> _YOUR ASSIGNMENT_: From the line with "Tiny photo for" to the end of the data below, restate each line word for word, both ends included, without the pictures.
■ ■ ■ ■ ■ ■ ■
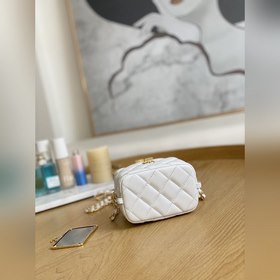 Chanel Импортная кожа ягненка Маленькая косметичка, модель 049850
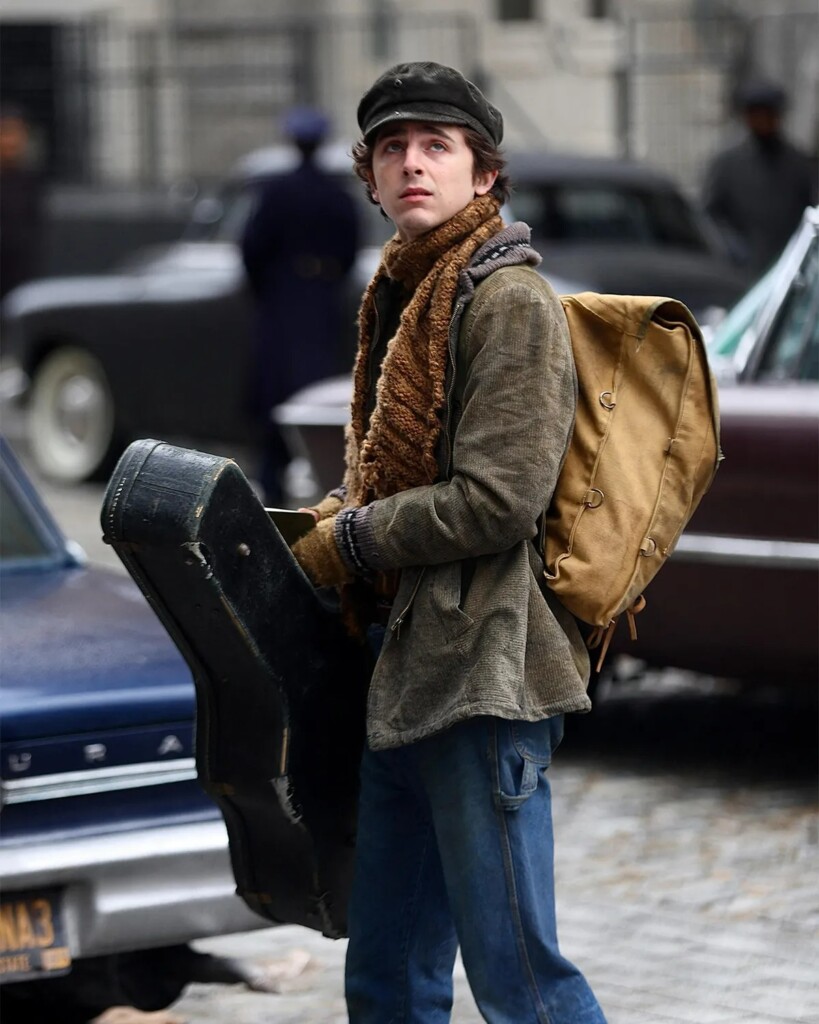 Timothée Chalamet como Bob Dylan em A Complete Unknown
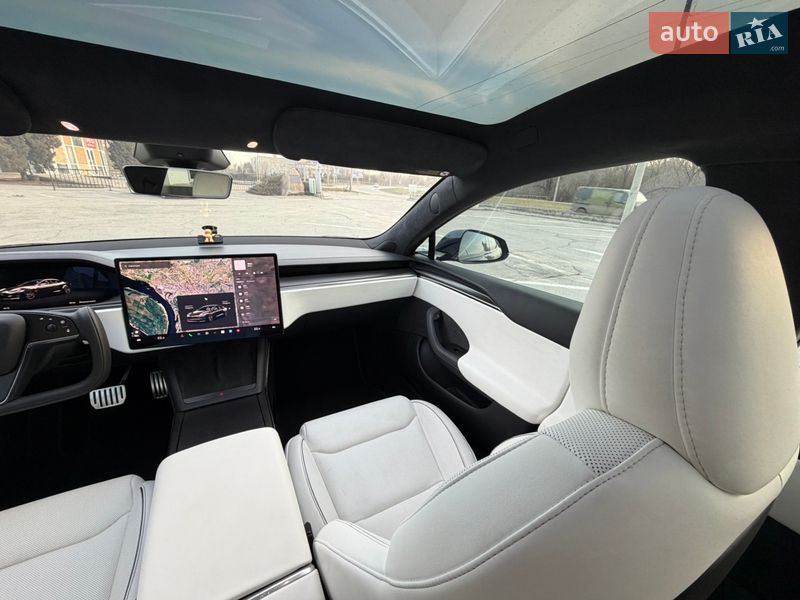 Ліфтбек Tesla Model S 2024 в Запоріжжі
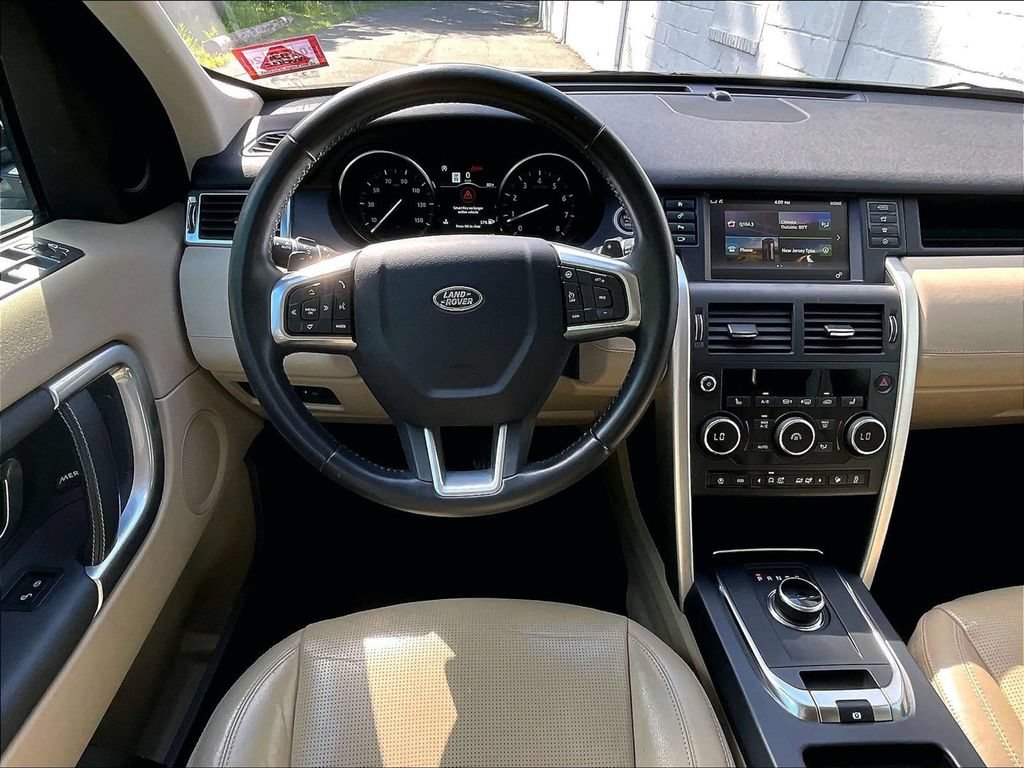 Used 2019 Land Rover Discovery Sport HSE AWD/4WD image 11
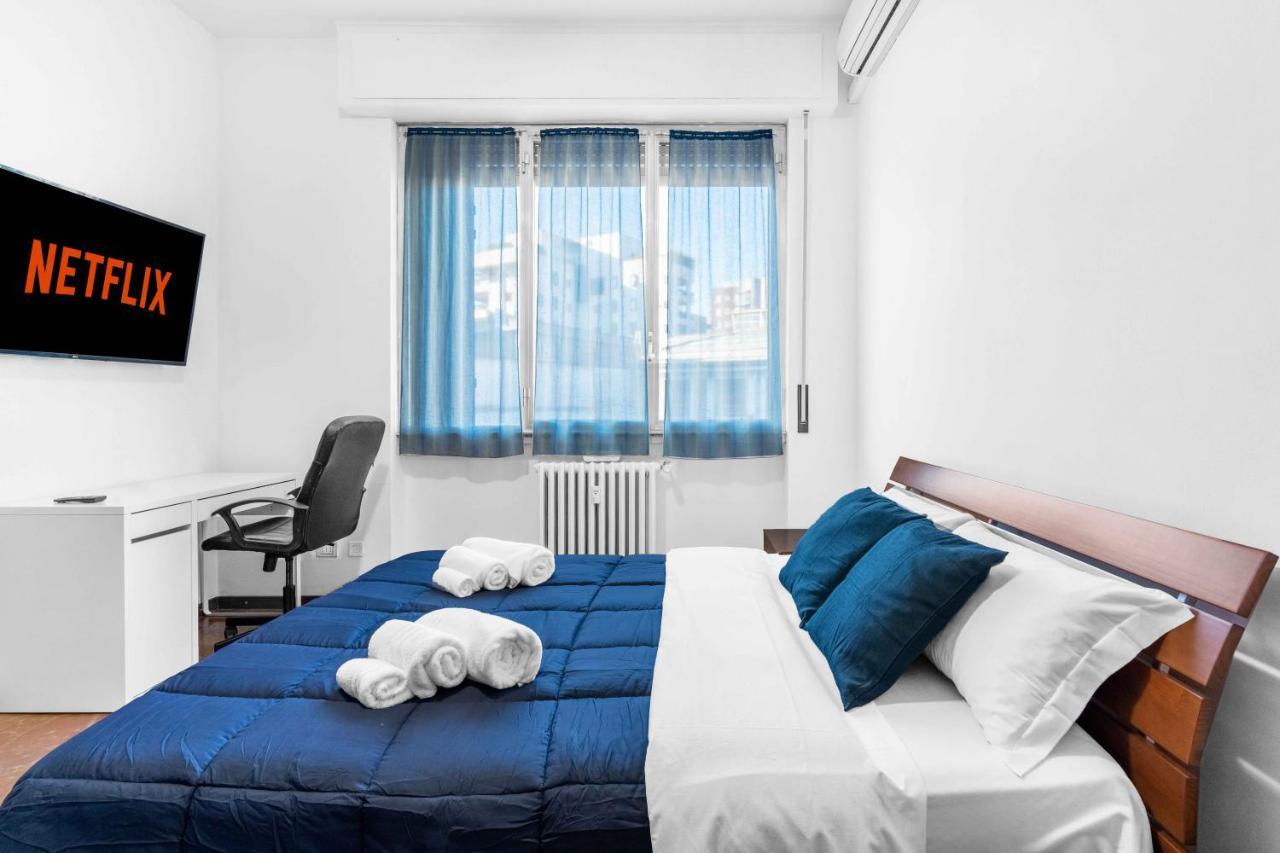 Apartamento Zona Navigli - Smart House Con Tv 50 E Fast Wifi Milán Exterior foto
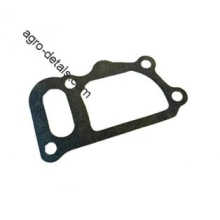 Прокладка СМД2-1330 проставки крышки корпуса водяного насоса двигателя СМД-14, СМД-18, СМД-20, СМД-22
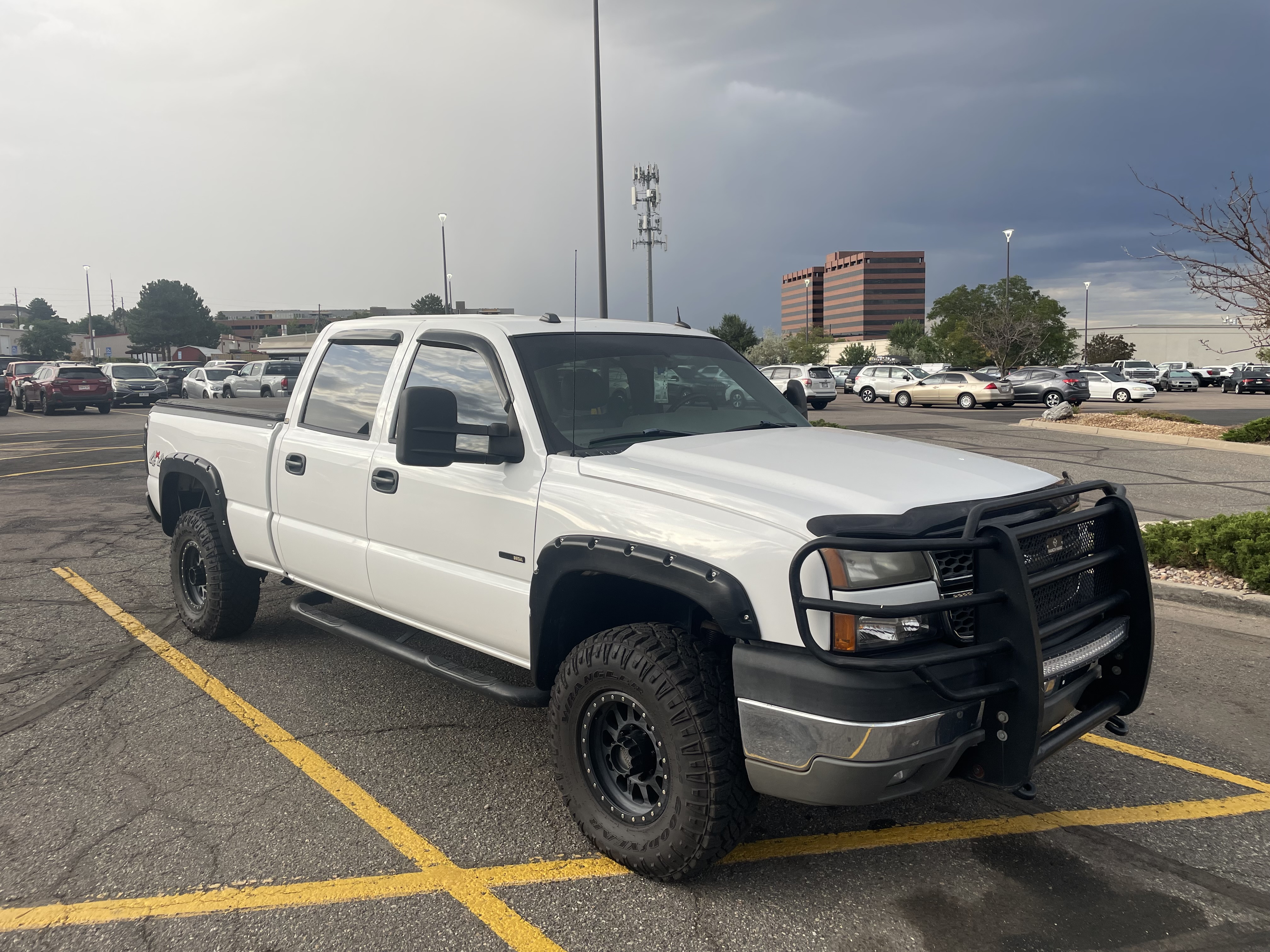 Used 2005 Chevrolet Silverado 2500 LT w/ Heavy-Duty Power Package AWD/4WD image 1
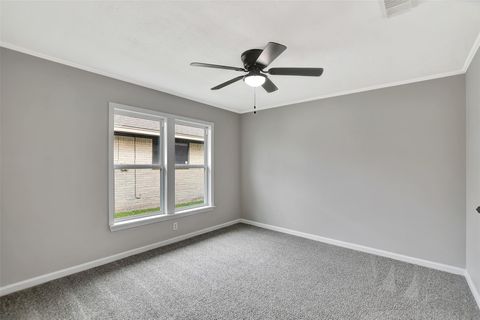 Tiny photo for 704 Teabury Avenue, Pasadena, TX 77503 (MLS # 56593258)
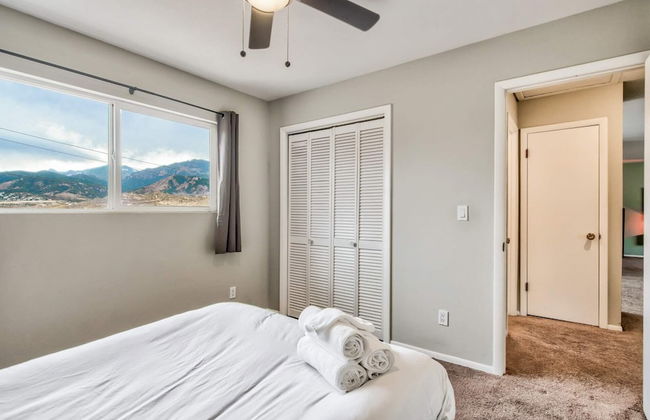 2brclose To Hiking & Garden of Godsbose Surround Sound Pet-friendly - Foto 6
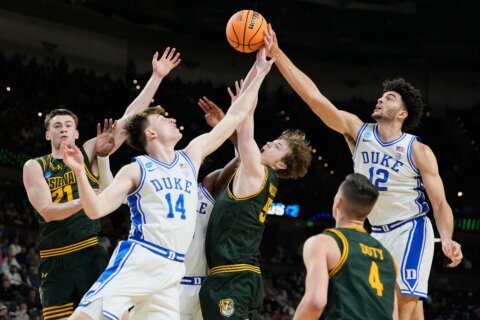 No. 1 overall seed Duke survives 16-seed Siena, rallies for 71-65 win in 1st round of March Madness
■ ■ ■ ■ ■ ■ ■
> _SOLUTION FOR THIS PROBLEM_:
 Tiny photo for 704 Teabury Avenue, Pasadena, TX 77503 (MLS # 56593258)
 2brclose To Hiking & Garden of Godsbose Surround Sound Pet-friendly - Foto 6
 No. 1 overall seed Duke survives 16-seed Siena, rallies for 71-65 win in 1st round of March Madness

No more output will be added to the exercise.